### Input data
▼
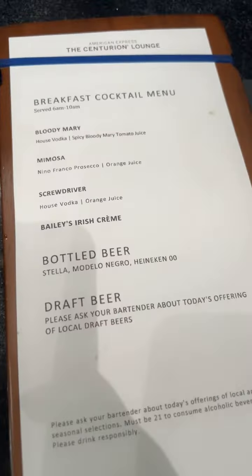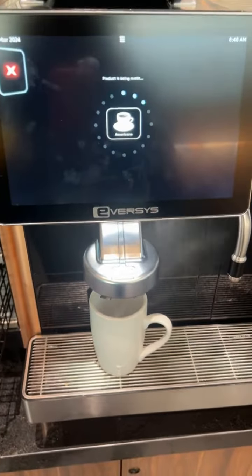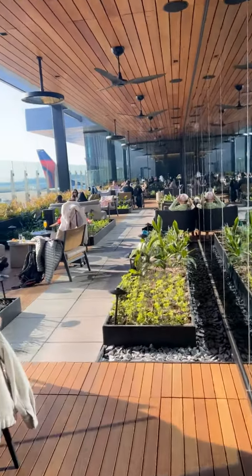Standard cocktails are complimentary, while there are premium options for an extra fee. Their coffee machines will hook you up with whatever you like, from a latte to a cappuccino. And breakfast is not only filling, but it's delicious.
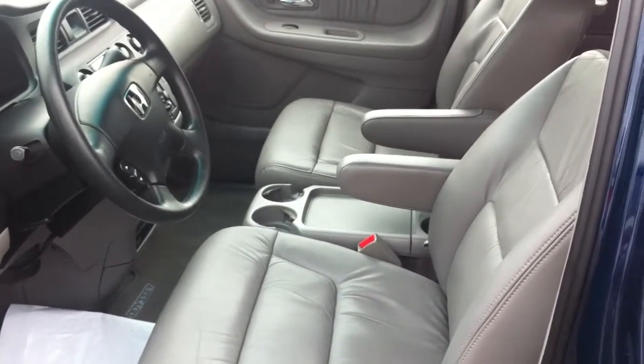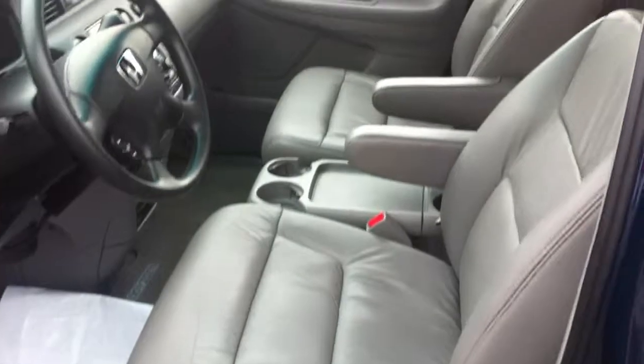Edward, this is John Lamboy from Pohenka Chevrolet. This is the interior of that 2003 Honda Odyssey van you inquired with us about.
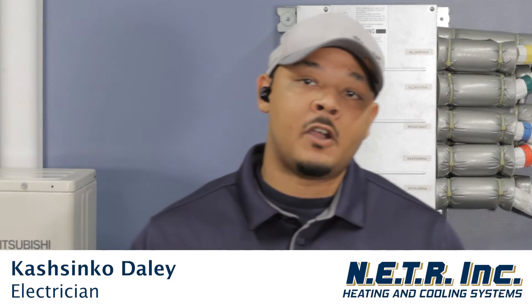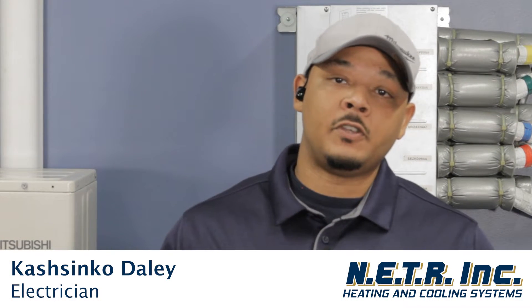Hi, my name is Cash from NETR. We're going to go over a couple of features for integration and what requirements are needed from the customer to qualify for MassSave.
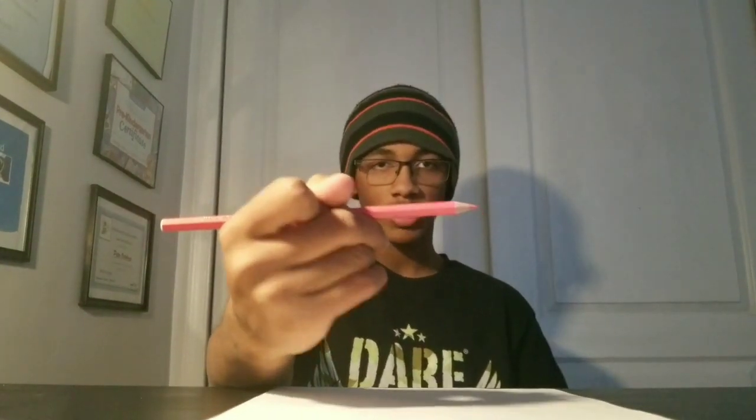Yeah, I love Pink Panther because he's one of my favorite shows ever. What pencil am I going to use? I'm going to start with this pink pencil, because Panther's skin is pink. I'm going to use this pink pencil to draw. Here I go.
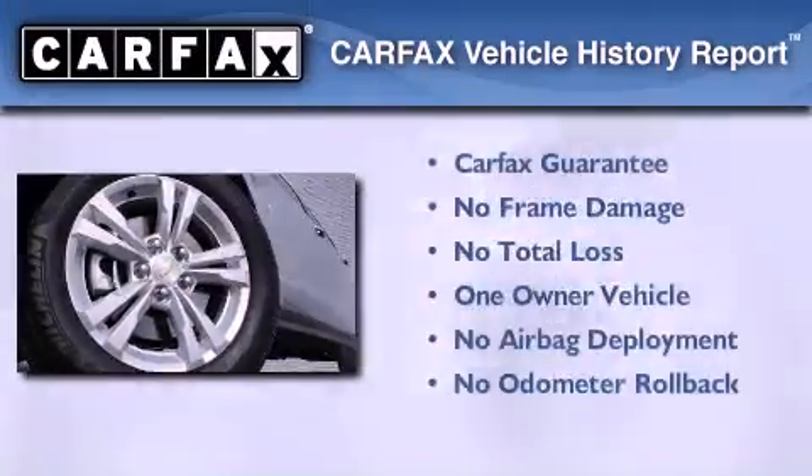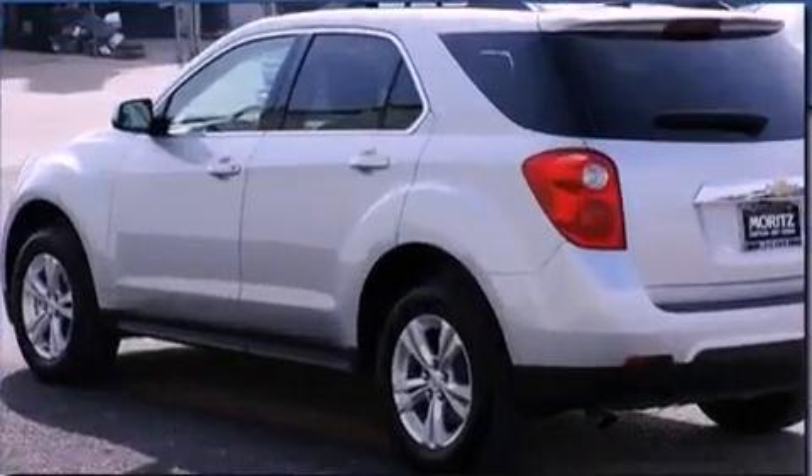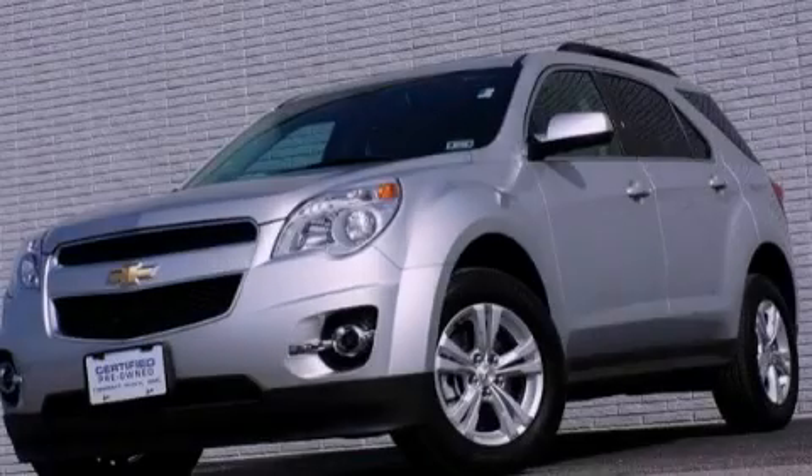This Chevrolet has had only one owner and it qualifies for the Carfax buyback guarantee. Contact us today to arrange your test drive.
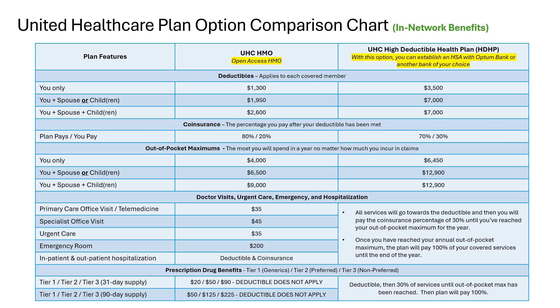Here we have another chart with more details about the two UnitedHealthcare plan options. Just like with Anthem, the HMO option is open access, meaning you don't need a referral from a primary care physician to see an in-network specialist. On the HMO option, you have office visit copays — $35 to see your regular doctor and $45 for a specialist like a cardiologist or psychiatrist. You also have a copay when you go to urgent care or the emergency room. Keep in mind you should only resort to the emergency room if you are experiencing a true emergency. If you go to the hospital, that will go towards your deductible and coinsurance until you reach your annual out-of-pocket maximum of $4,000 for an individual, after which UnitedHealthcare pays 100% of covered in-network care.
▲
▼
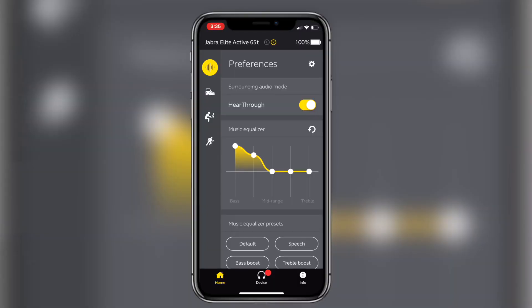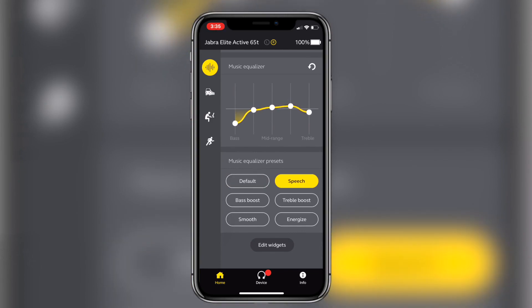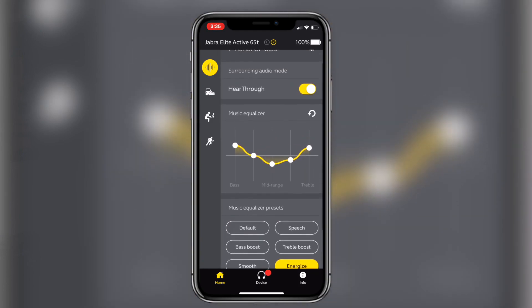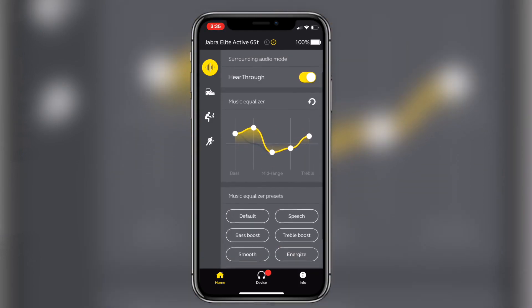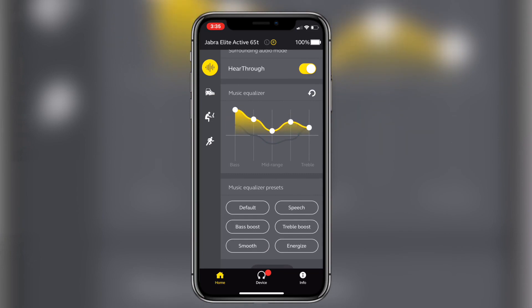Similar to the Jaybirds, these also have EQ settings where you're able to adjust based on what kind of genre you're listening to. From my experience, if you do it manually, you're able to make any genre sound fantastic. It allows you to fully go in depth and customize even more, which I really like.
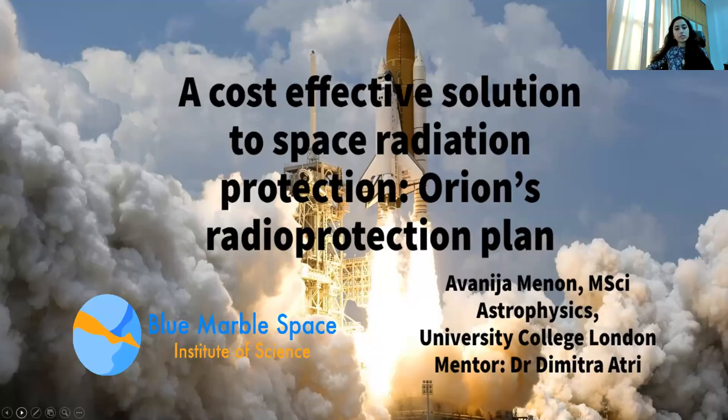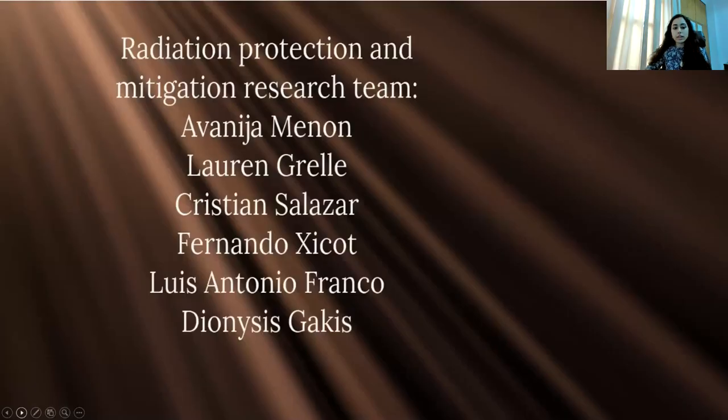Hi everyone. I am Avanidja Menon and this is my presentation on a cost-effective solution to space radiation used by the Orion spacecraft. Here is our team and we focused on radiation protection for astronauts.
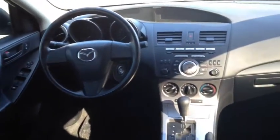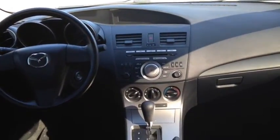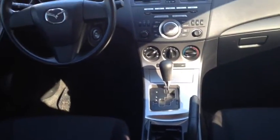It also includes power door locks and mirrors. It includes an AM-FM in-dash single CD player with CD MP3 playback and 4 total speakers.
▲
### Exercise details
From the material above, give again exactly the lines from the one that contains "Similar to the" through the one that contains "It also includes", and leave out the pictures.

### The completed task
Similar to the Jaybirds, these also have EQ settings where you're able to adjust based on what kind of genre you're listening to. From my experience, if you do it manually, you're able to make any genre sound fantastic. It allows you to fully go in depth and customize even more, which I really like.
Hi everyone. I am Avanidja Menon and this is my presentation on a cost-effective solution to space radiation used by the Orion spacecraft. Here is our team and we focused on radiation protection for astronauts.
It also includes power door locks and mirrors. It includes an AM-FM in-dash single CD player with CD MP3 playback and 4 total speakers.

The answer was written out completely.